Indeed, it is not easy! I do not need to say how much illnesses that cause inflammation of the vocal folds (e.g. allergies, reflux, gluten for gluten-intolerant singers, etc) would affect fold mass and flexibility.
Blessed are those who come into singing with a relatively balanced set-up. But it is also supremely important to listen to our vocal heroes with a bit of objectivity.
They were/are not Gods!
Even the best of them did not fully understand their instruments. They were always searching for the ideal! This Pavarotti?
Or this one?
To my ears, the difference is not subtle. There are strong opinions about the young Pavarotti and the difference that began to emerge in the mid 70s. You judge. It does not make him a less great singer but how was the sound experienced by listeners who heard both versions? I only heard the later Pavarotti in the 80s. So I cannot really judge, except for the videos. I prefer the earlier version.
One of my favorite bass-baritones ever!
But does the taking on of lower bass parts over the years force an unconscious search for darker colors?
Possibly? Still one of the most exciting male voices I ever heard at the MET throughout his career. But I must say, I prefer the earlier sound. I was a Ramey groupie in my earliest singing days and heard both versions. One may argue that age darkens the voice. But how do we tell a deepening of the voice from the strength to handle greater volume (i.e. mass) and a slightly depressed larynx?
Arguably one of the most beautiful soprano voices in our art form’s recorded history:
It seems Tebaldi was always looking for a balance between “velvet and steel.”
I would say the first version is more velvety and the second steelier. Perhaps the effect of live performance vs studio recording! However, the difference is notable and the vacillation between the two is heard throughout her career. Some say she was inconsistent.

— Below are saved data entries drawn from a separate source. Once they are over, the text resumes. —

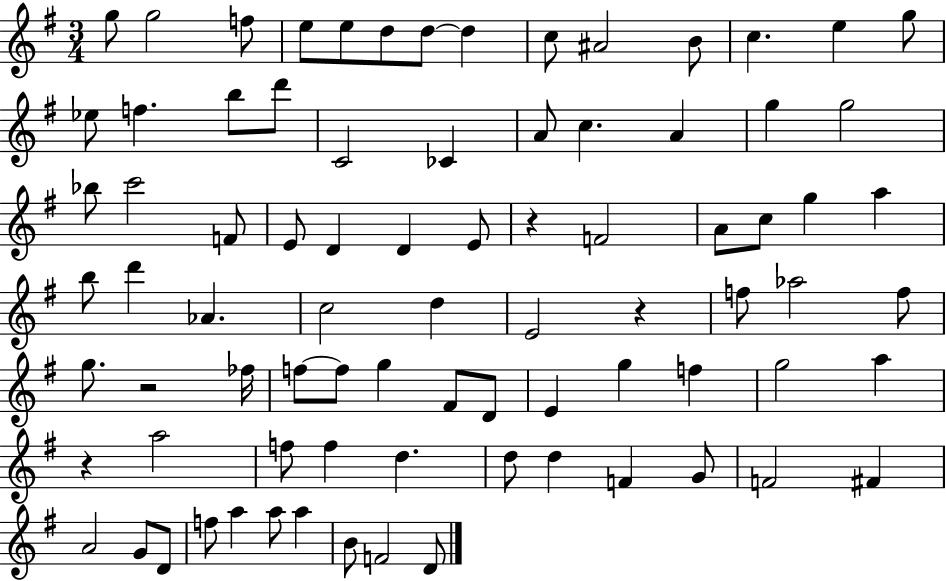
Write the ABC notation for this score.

X:1
T:Untitled
M:3/4
L:1/4
K:G
g/2 g2 f/2 e/2 e/2 d/2 d/2 d c/2 ^A2 B/2 c e g/2 _e/2 f b/2 d'/2 C2 _C A/2 c A g g2 _b/2 c'2 F/2 E/2 D D E/2 z F2 A/2 c/2 g a b/2 d' _A c2 d E2 z f/2 _a2 f/2 g/2 z2 _f/4 f/2 f/2 g ^F/2 D/2 E g f g2 a z a2 f/2 f d d/2 d F G/2 F2 ^F A2 G/2 D/2 f/2 a a/2 a B/2 F2 D/2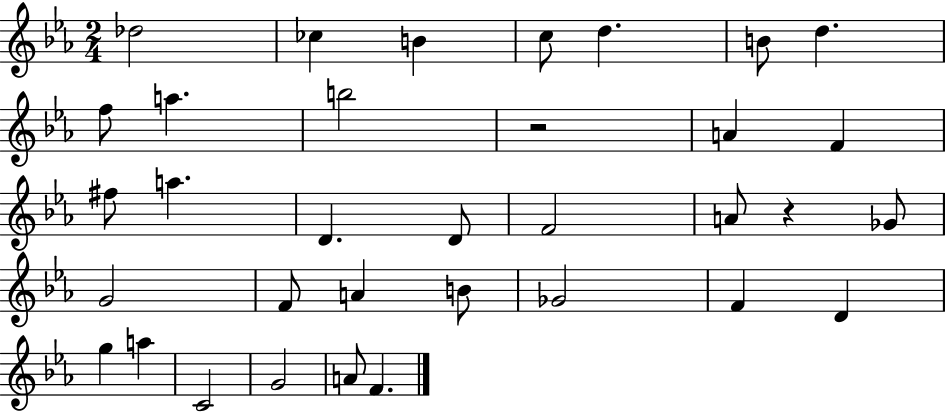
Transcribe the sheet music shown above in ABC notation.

X:1
T:Untitled
M:2/4
L:1/4
K:Eb
_d2 _c B c/2 d B/2 d f/2 a b2 z2 A F ^f/2 a D D/2 F2 A/2 z _G/2 G2 F/2 A B/2 _G2 F D g a C2 G2 A/2 F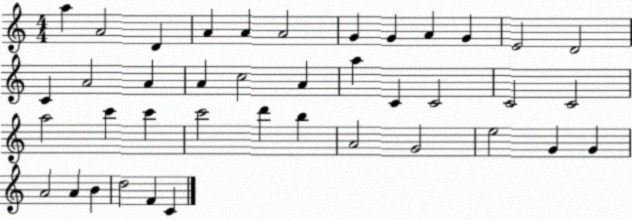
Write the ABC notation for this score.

Well she, like these previous great singers, was HUMAN. Not a goddess! The steely version sounds to me as if she was struggling with “relaxing the throat.” Laryngeal position seems slightly higher. As explained above, balance is global! A steelier production (medial pressure) can have an adverse effect on laryngeal flexibility if exaggerated.
One of the most celebrated mezzos ever began her career as a soprano:
Did her change to mezzo have an effect on how she thought about timbre (and therefore the depth of the larynx)?

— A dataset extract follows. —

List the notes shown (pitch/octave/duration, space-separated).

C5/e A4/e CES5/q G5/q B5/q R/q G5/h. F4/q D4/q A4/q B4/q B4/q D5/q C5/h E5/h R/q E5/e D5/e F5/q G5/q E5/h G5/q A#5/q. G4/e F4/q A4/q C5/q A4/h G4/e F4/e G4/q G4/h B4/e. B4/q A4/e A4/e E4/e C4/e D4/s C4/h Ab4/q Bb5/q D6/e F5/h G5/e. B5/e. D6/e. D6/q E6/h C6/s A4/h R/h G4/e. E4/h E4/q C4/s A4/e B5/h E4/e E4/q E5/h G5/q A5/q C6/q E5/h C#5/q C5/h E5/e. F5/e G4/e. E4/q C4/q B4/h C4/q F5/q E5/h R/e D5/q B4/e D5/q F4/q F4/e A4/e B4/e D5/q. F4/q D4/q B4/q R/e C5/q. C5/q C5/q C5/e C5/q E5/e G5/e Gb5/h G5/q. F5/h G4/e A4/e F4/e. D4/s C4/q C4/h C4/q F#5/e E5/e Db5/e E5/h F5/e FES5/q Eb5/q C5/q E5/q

Beautiful either way! But was her larynx high in the Bohème clip? I think not! But others might have a different opinion. Or we may ask another question! Does her search for laryngeal depth required a bit of help from her tongue root, as discussed above? (Note, I am not saying that Horne was a soprano by nature. Many singers have played around with different voice categories. Indeed some singers can be viable in different repertoire that might seem extreme today.)
One more tenor, because this example is very interesting. This is my favorite clip of this great tenor:
The low larynx (la gola aperta–open throat) became the fundamental aspect of Giacomini’s technique as expressed from interviews regarding his technique. The necessity of a low larynx (appropriate to the given singer) is a scientific fact relative to operatic singing. The question is one of measure. Did Giacomini go too far?
This does not take away from the proven fact that this man was one of the great tenors of recorded opera. But it is worth listening to the progression of his career from the 1969 live recording of him singing Cavalleria to his latest concerts at an advanced age in the first decade of the 21st century. More than 40 years singing! Is it necessary to work on opening a throat that is already open? Yes! If not for anything, to help the singer understand the correct measure, so they don’t go too far. Between Pavarotti and Giacomini, we see two interpretations of the open throat. Pavarotti began in the early 1960s with what seemed a very balanced voice but he migrated towards a slightly higher larynx. Giacomini’s fully formed recording of the 1980s as a starting point finds the tenor seeking greater depth. I could theorize on a number of reasons why (That could be a point of discussion in the comments section) but I will stop here. I’d be interested to know your preferences and why!